[WHAT YOU WILL DO] Restate word for word the entries below, starting at the line with "142 001 am 12.09.09" and ending at the line with "Универсал Volkswagen Passat 2000 в". Keep both end lines and omit the pictures.
(RECORDS TO USE)
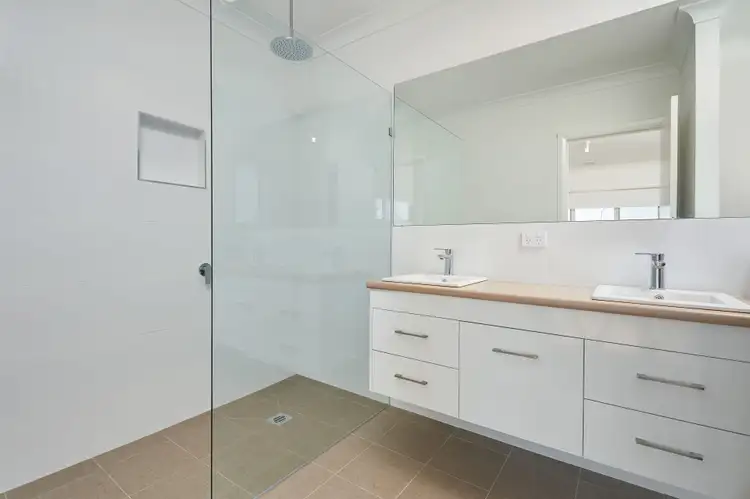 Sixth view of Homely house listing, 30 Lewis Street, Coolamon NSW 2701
(End RECORDS TO USE)
(RECORDS TO USE)
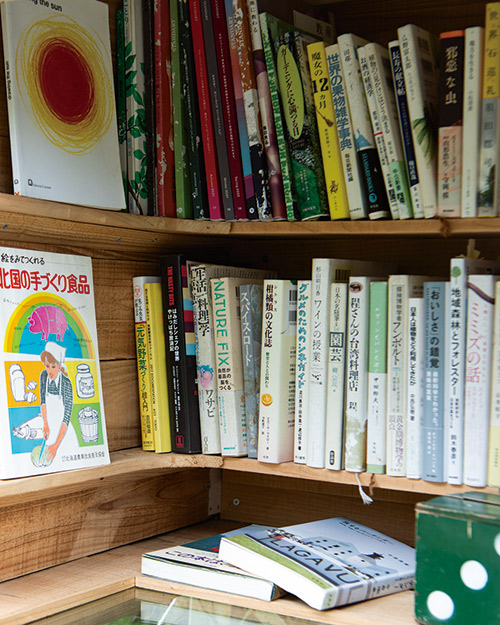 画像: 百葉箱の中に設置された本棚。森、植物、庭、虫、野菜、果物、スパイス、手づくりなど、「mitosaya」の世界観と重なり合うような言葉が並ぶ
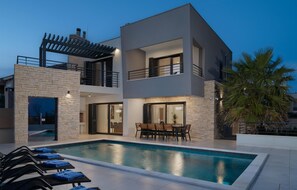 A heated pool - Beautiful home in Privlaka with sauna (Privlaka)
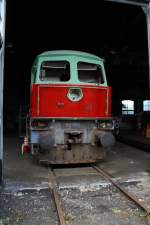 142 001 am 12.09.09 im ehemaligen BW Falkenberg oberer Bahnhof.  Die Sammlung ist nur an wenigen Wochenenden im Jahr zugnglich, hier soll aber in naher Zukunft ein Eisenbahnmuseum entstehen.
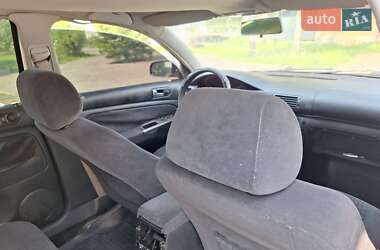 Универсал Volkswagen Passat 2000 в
(End RECORDS TO USE)
(RECORDS TO USE)
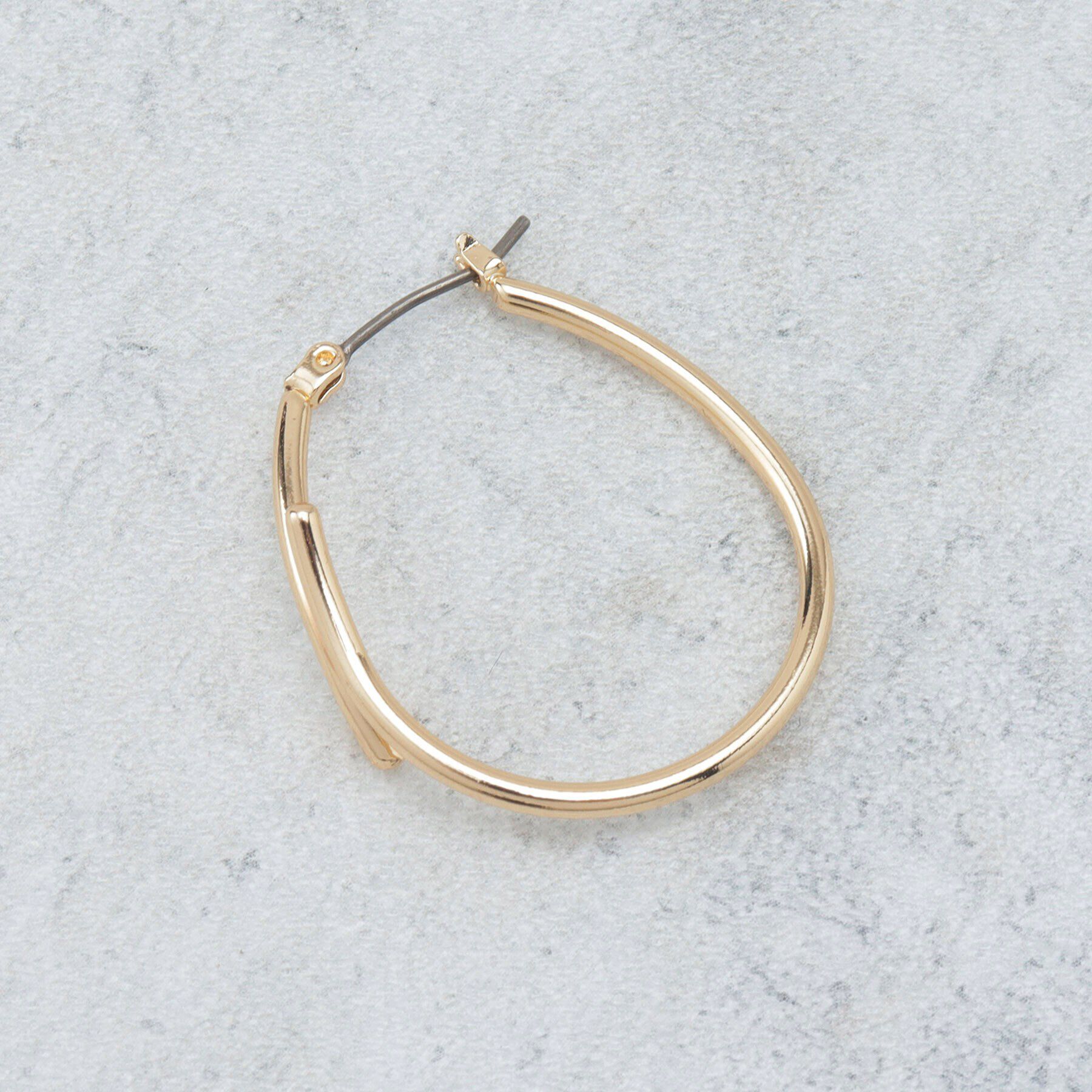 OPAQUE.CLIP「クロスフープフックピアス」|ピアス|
(End RECORDS TO USE)
[SOLUTION TO THIS EXERCISE]
 142 001 am 12.09.09 im ehemaligen BW Falkenberg oberer Bahnhof.  Die Sammlung ist nur an wenigen Wochenenden im Jahr zugnglich, hier soll aber in naher Zukunft ein Eisenbahnmuseum entstehen.
 Универсал Volkswagen Passat 2000 в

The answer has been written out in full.